"""
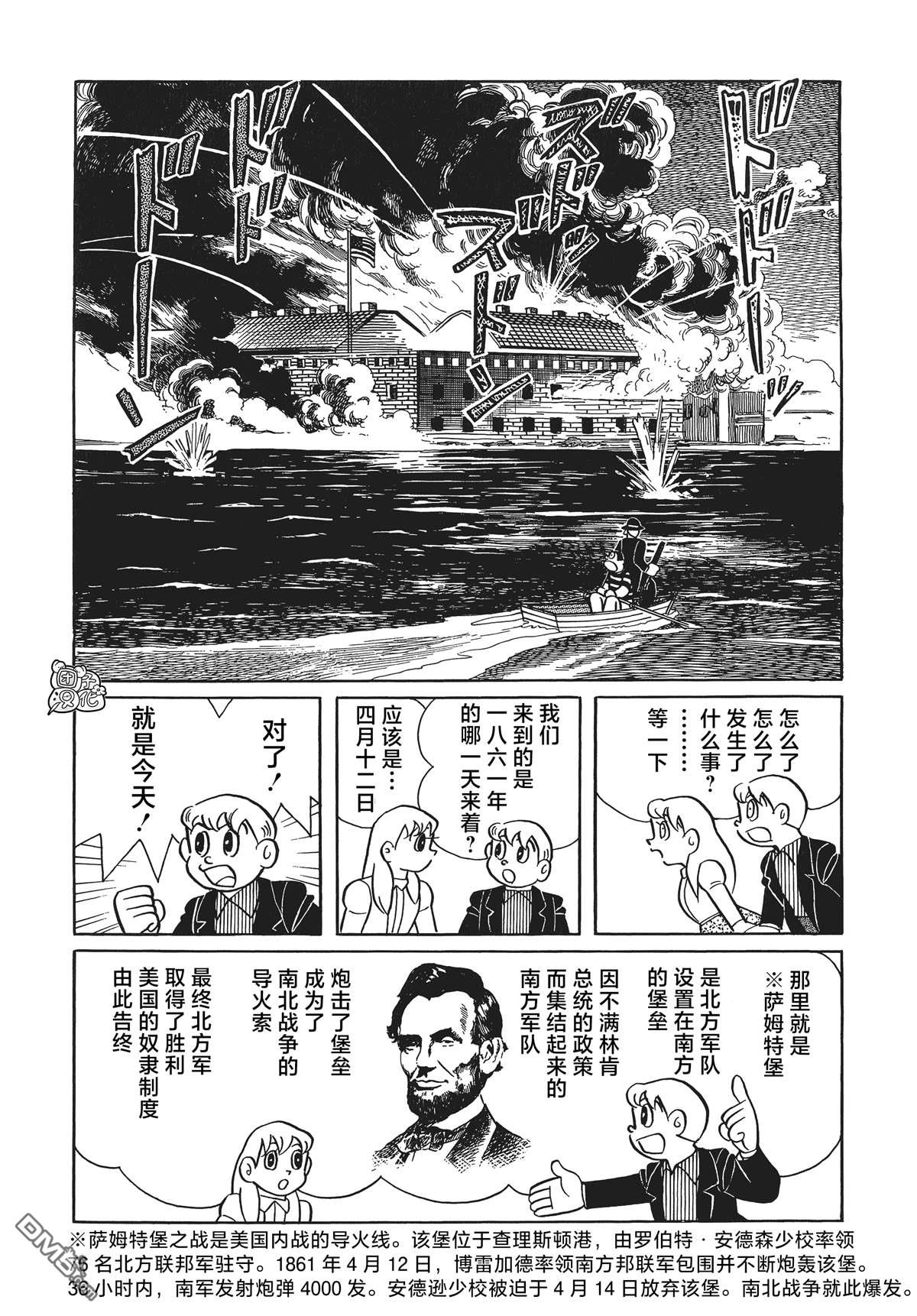 第24话34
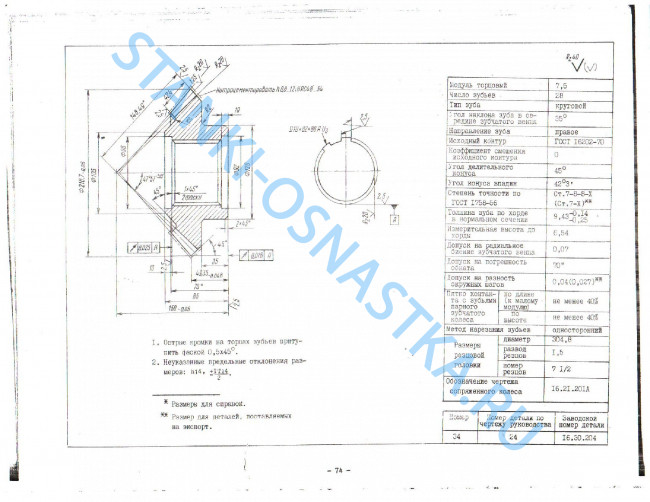 Пара коническая главного движения планшайбы 16.30.204, 16.21.201 Пара коническая главного движения планшайбы 16.30.204, 16.21.201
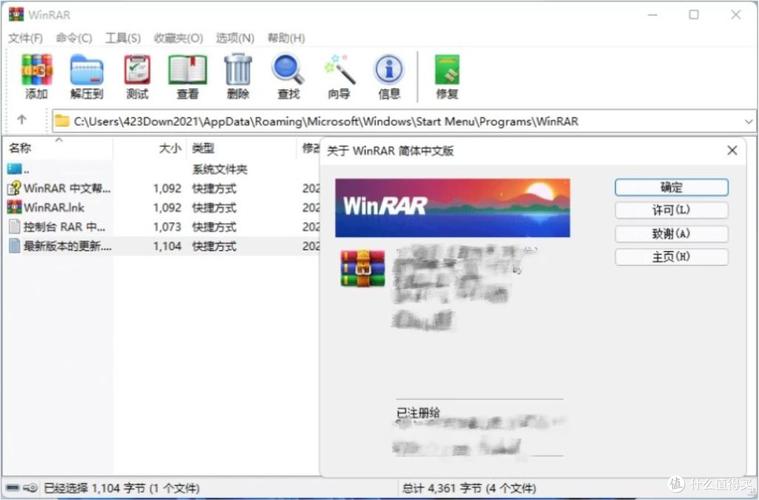 linux压缩文件rar_压缩文件怎么操作_压缩文件怎么加密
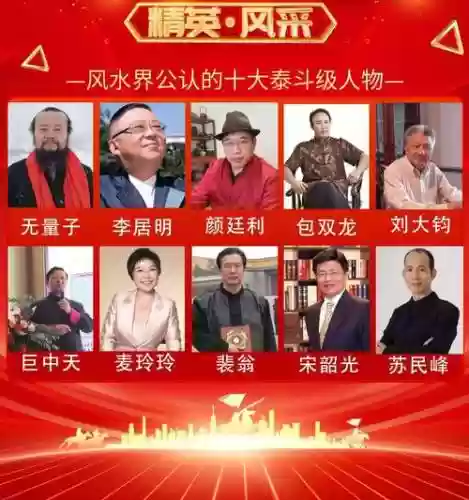 易经选手阵容插图1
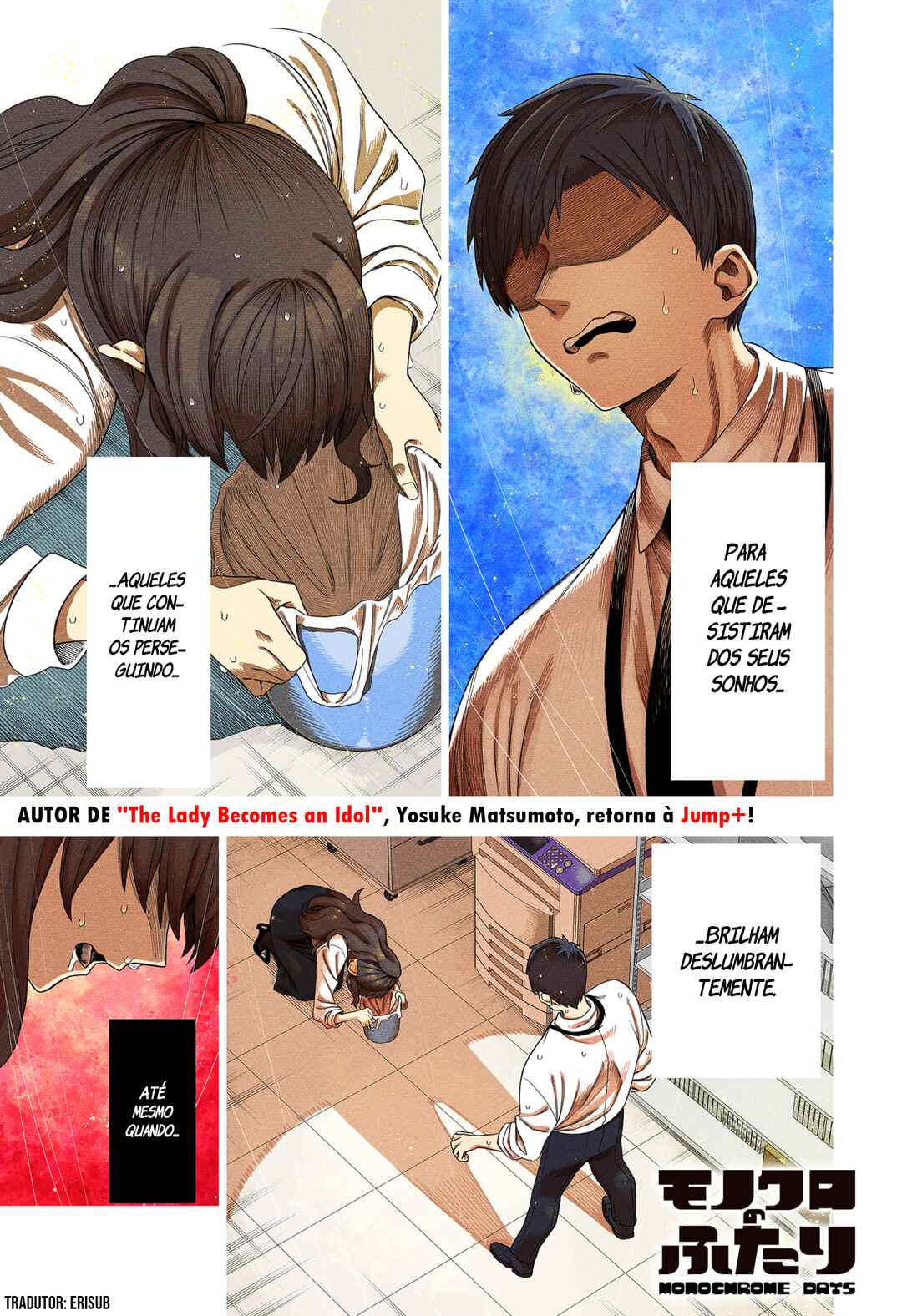 Chapter 1 - Page 1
"""
YOUR GOAL: All lines from the one containing "16.30.204, 16.21.201 Пара" to the last line of the data above, both included, should be printed exactly, and the pictures should not appear.

RESPONSE:
 Пара коническая главного движения планшайбы 16.30.204, 16.21.201 Пара коническая главного движения планшайбы 16.30.204, 16.21.201
 linux压缩文件rar_压缩文件怎么操作_压缩文件怎么加密
 易经选手阵容插图1
 Chapter 1 - Page 1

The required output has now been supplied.